On the GOP, ACHA, and the Crisis to Come

The Republicans had a field day with their cynical and opportunistic attacks on the ACA during the Obama Administration.  Knowing perfectly well that their plan, to the extent they had one, was to cut costs by making insurance on the exchanges less valuable and less affordable, they exploited complaints from the public that the deductibles and co-pays were too high.  Once in power, they wrote legislation that made no sense except as a redistribution of wealth from the poor to the rich. It turned into a fiasco.

If you think that was bad, you ain’t seen nothing yet.  Wait until we have another financial crisis.

Obama won the 2008 election largely because the electorate correctly perceived that tax cuts for the wealthy and deregulation, the GOP’s perennial favorite option, were not a viable solution to the crash.  The GOP responded by creating a bizarro alternative narrative of the crash in which financial institutions were blameless, and the government was at fault by doing too much to encourage poor people to buy homes.  Consistent with that (and their own interests), the Republicans want to get rid of Dodd-Frank and unleash the banks again, while all the while insisting that there must be no more bailouts.

If we have another crisis, the survival instincts of the self-styled “King of Debt” will probably send him in the correct direction, but his party is another matter. The GOP, on the whole, is the party of gold bugs, high interest rates, and no bailouts.  Calvin Coolidge and Andrew Mellon are their role models, not FDR and Obama.  How could Trump get a new version of TARP through the system?

It will be a complete nightmare.

A Limerick on the Battle to Come

So the GOP turns now to tax.

And their leaders play loose with the facts.

Will their bill help the rich?

If it does, that’s a bitch.

I don’t think they can cover their tracks.

On Trump, Thatcher, and the Miners

In the UK, coal miners are left-wing icons:  a band of working class brothers martyred on the cross of uncaring capitalism during the 1980’s.  In America in 2017, they are the vanguard of the Trump right-wing counterrevolution, to the point that Trump is willing to isolate the country diplomatically, endanger the health of its citizens, and forfeit the more numerous jobs of less visible people working in clean industry to protect their interests.

How can this be?  How can we account for such a vast difference?

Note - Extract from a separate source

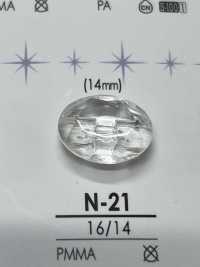 N21 Botón De Corte De Diamante IRIS Foto secundaria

There are two explanations:

  1.  Thatcher wasn’t concerned about the environment; her motivations were political and financial.  As a result, the battle with the miners looked like class warfare.  In 2017 America, the miners have already lost the war to market forces, but the GOP has convinced them that their real enemy is environmental regulations, not the market or their bosses.
  2.  Miners tend to be cultural conservatives in this country.  The culture war is a far less prominent factor in politics in the UK than it is here.